St Thomas Melbury Abbas | Church Guide |Church Calendar
The following guide was written by Bob Breach (revised 2005) with illustrations by Henry Gamper

A church has stood on this site for perhaps a thousand years. Melbury Abbas as the Second half of the name suggests was owned by the great Abbey, the Benedictine nunnery of Shaftesbury, founded by Alfred the Greatin 888 AD. He made his daughter the first Abbess. The first firm evidence of a Christian ministry here is of one Eilan, priest of Melbury in a document of 1150 AD. He is described as dependent on the generosity of the people since there was no farm or glebe.

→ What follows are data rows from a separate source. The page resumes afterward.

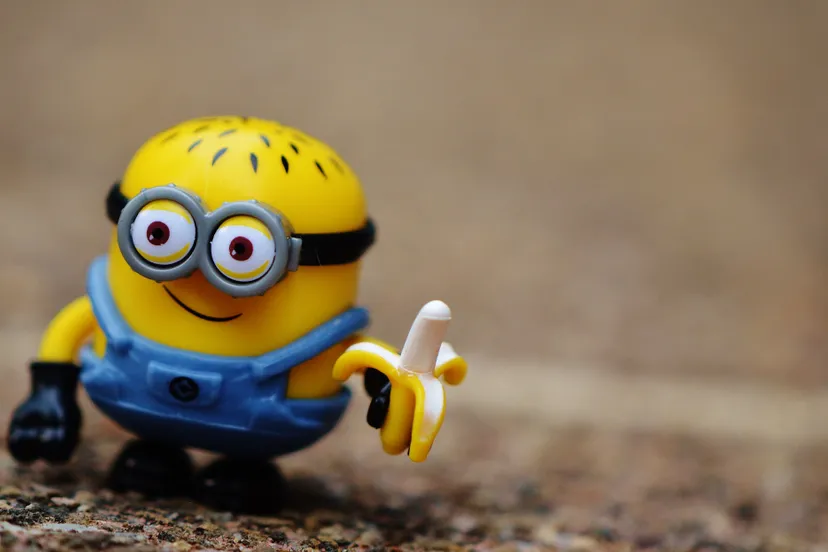 minion 888797 1920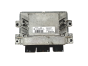 Steuergerät S120202120A 8201077701  Renault Continental 29017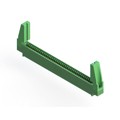 345-041-521-688 - 345 SERIES (.100" (2.54MM) CONTA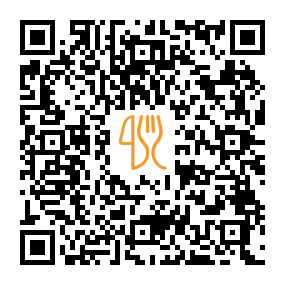 Menu QR de Il Buonissimo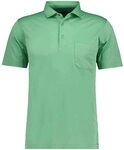 RAGMAN Poloshirt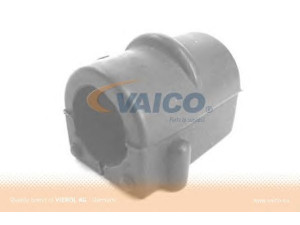 VAICO V40-0289 skersinio stabilizatoriaus įvorių komplektas 
 Ašies montavimas/vairavimo mechanizmas/ratai -> Stabilizatorius/fiksatoriai -> Sklendės
03 50 113, 3 50 113, 90 235 058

At some point a stone church was built and a building survived until 1852, though it
was then in bad repair. We know it had a tower with three bells, at least one transept, and a west door. It was demolished and the present church, a larger building took its place on the same ancient site. It cost Sir Richard Glyn, the patron, who owned nearly the whole village, £2500.00. On 21st December 1852 the Bishop of Salisbury dedicated the new church to St Thomas, whose feast day it then was. The Rector, Henry T Glyn, a member of the patron's family, and many clergy assisted in a long ceremony.
The Village
The parish of Melbury Abbas has a population of three hundred and one in one hundred and twenty five households (2001 census). Of the people, fewer than 30% are retired and 16% are under school-leaving age. Onehundred and thirty are working- a third of them for themselves. The major occupations are agricultural related (30%) followed by services and manufacturing.
There is no school, pub or shop, but a thriving village hall and Club offers a bar, pool, skittles, a stage and a place for meetings. The WI, the Village Produce Association, the Melbury Abbas and Cann Group Parish Council and the St. Thomas's Preservation Society all use the hall a good deal. Live music, pantomime, skittle and darts matches are held throughout the year.

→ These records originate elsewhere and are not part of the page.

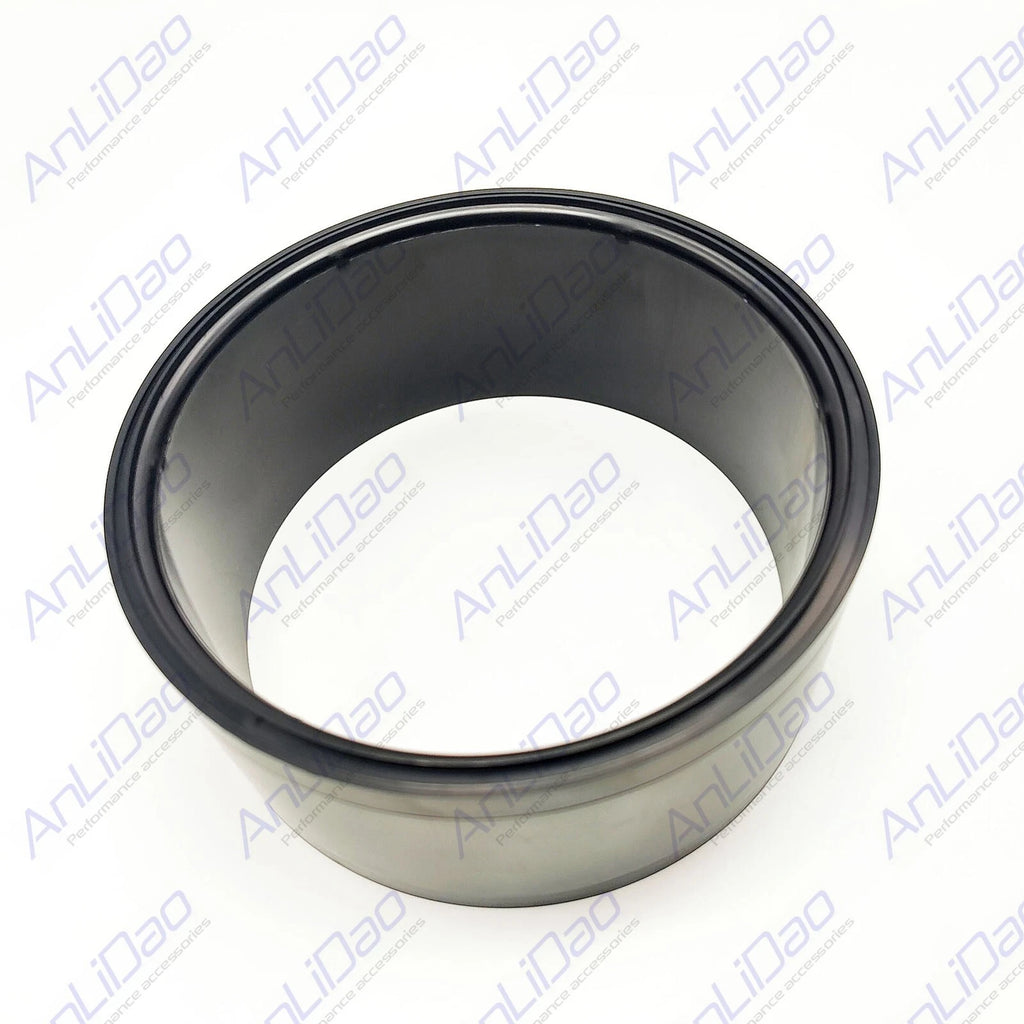 Wear Ring for Seadoo 580 650 720 800 (Replaces 271000290 271000002 270000101)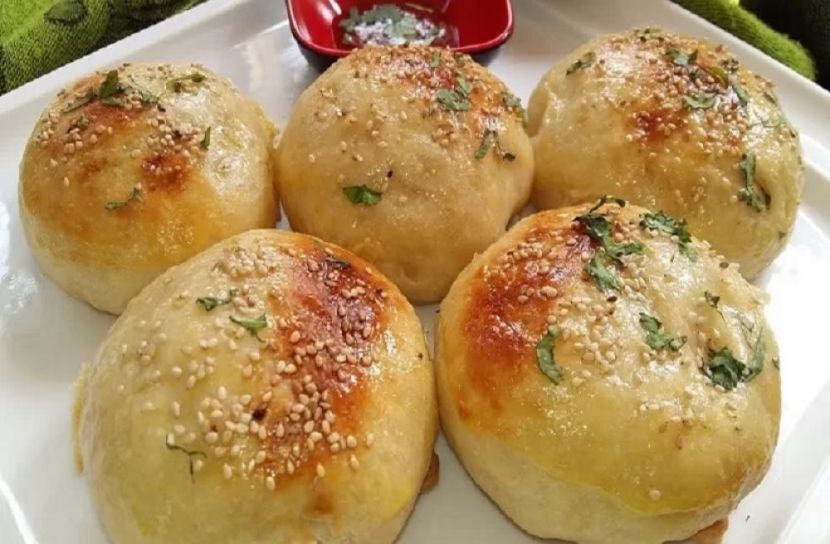 ছবি-সংগৃহীত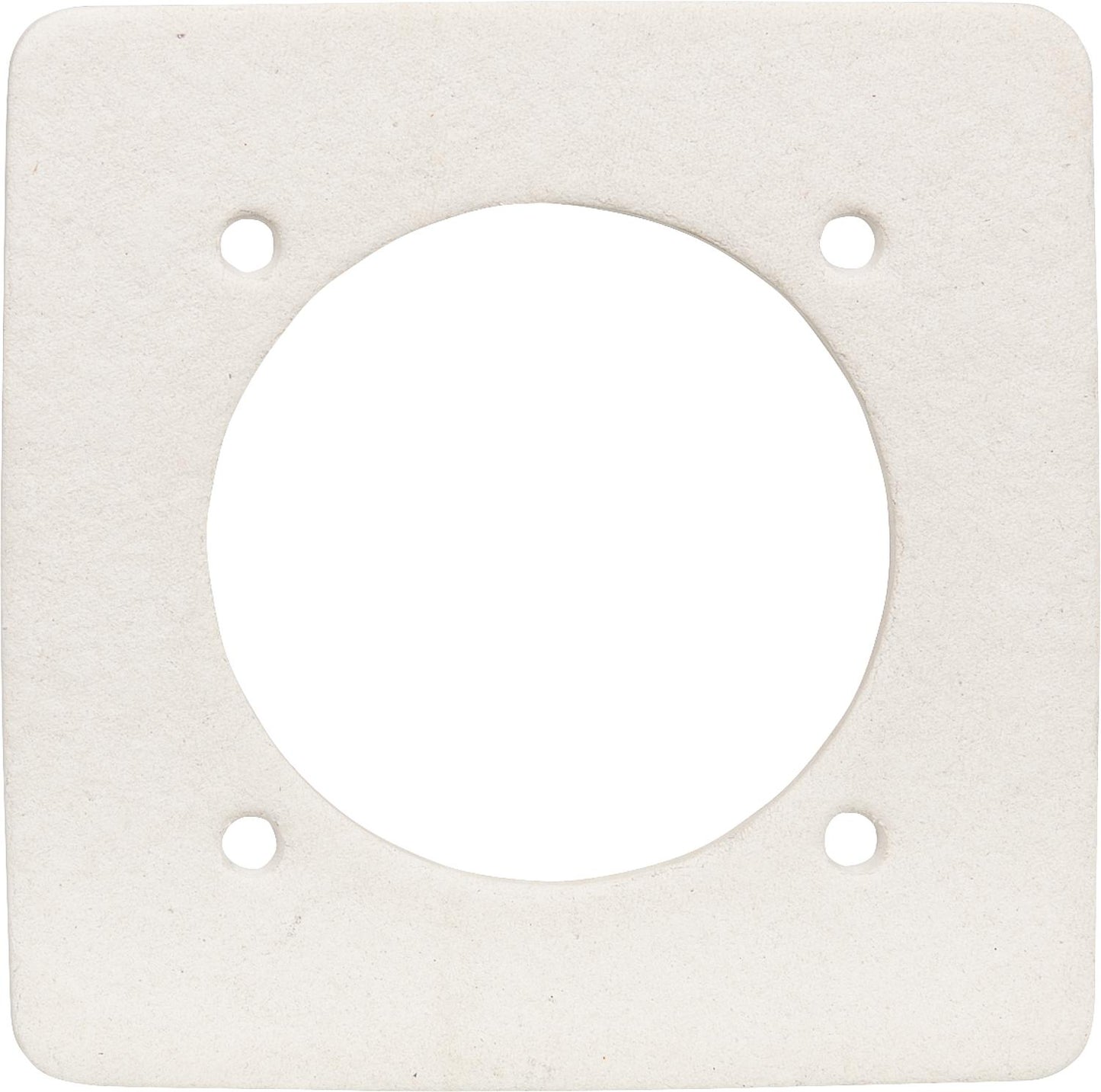 Joint de bride 218x218x8 Weishaupt 241 310 0114/7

The history of the village can only be sketched here. Mesolithic man (a hunting and fishing nomadic people), left some evidence of his presence and on the downland which encloses much of the parish can be seen extensive evidence of Iron Age man. Scattered evidence of the Romans has been found, but the first certain settlement here was that of the AngloSaxons. The Domesday Book entry of 1086 records a village which probably had a population of about two hundred inhabitants and four mills. The name Melbury, which is Saxon, probably means a many-coloured fortified place. The village continued to exist through the Middle Ages.

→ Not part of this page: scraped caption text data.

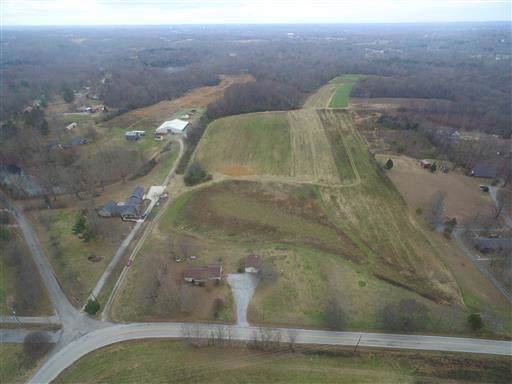 7205 Greer Rd - Photo 1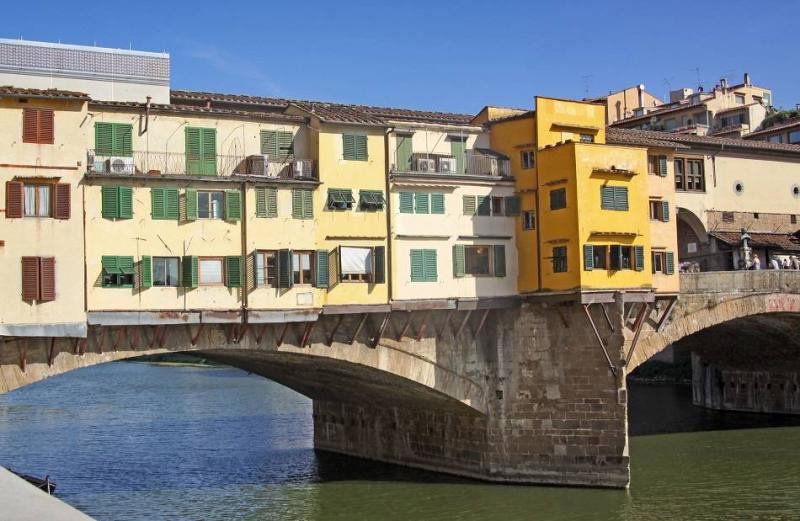 Toszkána Legjobb Borai, Szarvasgomba Vadászattal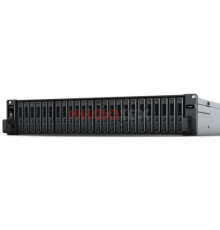 Synology FX2421 Модуль расширения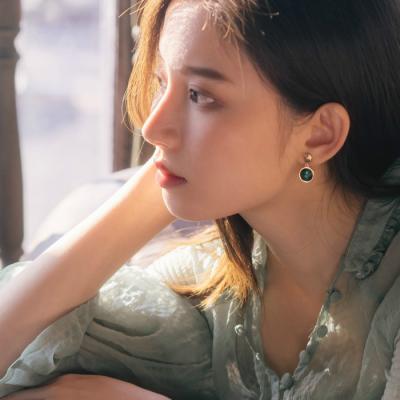 达州伴游女生徐婉清的资料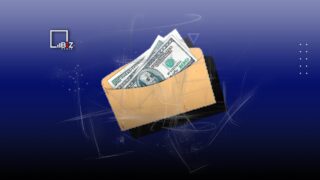 Утром, 27 мая, доллар резко подорожал до 432 тенге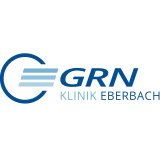 GRN Standort Eberbach - Klinik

In 1538 Henry VIII dissolved the Abbey and then sold the village to a new landlord, the Arundels of Wardour, about six miles to the north-east. The Arundels held it to 1818 In 1829 the Glyns, bankers and investors, bought it. In 1919 the Glyns sold Melbury largely to local people and the Dorset County Council.
Until after the second world war most of the people earned a living directly from the land, through the long agricultural history of alternating prosperity and depression.
After Domesday the numbers of people grew, halved probably after the black Death of 1349, recovered slowly and then grew sharply from about 1750.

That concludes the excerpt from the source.